*What is expected*
The word "Shirts" marks the lines to keep; find each one in the data and copy it.
---------- Task inputs
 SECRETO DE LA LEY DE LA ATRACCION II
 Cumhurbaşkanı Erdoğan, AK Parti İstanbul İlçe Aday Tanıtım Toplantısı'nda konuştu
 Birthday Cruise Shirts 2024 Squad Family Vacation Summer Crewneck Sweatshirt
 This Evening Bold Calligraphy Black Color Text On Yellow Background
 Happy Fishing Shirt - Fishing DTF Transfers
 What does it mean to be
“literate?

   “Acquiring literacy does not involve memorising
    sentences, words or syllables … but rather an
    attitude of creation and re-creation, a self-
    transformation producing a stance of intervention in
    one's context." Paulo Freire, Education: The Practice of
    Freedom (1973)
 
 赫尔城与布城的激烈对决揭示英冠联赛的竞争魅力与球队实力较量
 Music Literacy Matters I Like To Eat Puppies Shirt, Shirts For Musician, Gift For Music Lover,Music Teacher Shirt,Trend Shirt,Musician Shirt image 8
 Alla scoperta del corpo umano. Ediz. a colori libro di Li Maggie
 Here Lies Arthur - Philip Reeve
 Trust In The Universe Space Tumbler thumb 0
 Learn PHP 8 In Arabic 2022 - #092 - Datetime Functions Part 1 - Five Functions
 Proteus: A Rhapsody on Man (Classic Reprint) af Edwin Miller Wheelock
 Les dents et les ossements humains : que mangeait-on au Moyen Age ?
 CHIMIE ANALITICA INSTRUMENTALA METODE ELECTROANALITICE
--------------------
*Exercise solution*
 Birthday Cruise Shirts 2024 Squad Family Vacation Summer Crewneck Sweatshirt
 Music Literacy Matters I Like To Eat Puppies Shirt, Shirts For Musician, Gift For Music Lover,Music Teacher Shirt,Trend Shirt,Musician Shirt image 8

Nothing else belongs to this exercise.